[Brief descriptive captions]
▬▬▬▬▬▬▬▬▬▬

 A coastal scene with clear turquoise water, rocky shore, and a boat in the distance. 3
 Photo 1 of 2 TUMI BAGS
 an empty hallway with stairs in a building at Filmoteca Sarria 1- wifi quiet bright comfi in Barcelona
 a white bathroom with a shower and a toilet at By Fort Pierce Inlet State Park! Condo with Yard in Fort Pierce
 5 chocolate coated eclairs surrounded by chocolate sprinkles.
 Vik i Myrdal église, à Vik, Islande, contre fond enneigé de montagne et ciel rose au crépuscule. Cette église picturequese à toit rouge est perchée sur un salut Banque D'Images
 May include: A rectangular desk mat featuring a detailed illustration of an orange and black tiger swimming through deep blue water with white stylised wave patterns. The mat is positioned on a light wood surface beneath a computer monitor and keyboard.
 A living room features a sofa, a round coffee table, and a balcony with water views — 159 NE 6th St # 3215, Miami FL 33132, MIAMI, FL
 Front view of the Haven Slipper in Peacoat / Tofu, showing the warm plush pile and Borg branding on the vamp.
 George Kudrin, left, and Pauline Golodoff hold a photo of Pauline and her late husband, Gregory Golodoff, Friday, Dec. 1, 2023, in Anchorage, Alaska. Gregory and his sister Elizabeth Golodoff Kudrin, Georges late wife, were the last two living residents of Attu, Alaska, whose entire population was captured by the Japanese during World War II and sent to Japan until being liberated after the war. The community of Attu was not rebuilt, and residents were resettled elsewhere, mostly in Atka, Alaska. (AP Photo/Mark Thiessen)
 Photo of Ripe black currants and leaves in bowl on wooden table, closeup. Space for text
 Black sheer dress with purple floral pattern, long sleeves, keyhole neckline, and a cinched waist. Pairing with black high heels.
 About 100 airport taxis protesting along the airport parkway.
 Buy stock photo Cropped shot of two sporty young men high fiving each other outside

▬▬▬▬▬▬▬▬▬▬

→ WHAT YOU ARE ASKED TO DO:
Each line in the entries above, starting at the line with "May include: A" and ending at the line with "Photo of Ripe", is to be printed exactly, and only those lines.

→ ANSWER BOX:
 May include: A rectangular desk mat featuring a detailed illustration of an orange and black tiger swimming through deep blue water with white stylised wave patterns. The mat is positioned on a light wood surface beneath a computer monitor and keyboard.
 A living room features a sofa, a round coffee table, and a balcony with water views — 159 NE 6th St # 3215, Miami FL 33132, MIAMI, FL
 Front view of the Haven Slipper in Peacoat / Tofu, showing the warm plush pile and Borg branding on the vamp.
 George Kudrin, left, and Pauline Golodoff hold a photo of Pauline and her late husband, Gregory Golodoff, Friday, Dec. 1, 2023, in Anchorage, Alaska. Gregory and his sister Elizabeth Golodoff Kudrin, Georges late wife, were the last two living residents of Attu, Alaska, whose entire population was captured by the Japanese during World War II and sent to Japan until being liberated after the war. The community of Attu was not rebuilt, and residents were resettled elsewhere, mostly in Atka, Alaska. (AP Photo/Mark Thiessen)
 Photo of Ripe black currants and leaves in bowl on wooden table, closeup. Space for text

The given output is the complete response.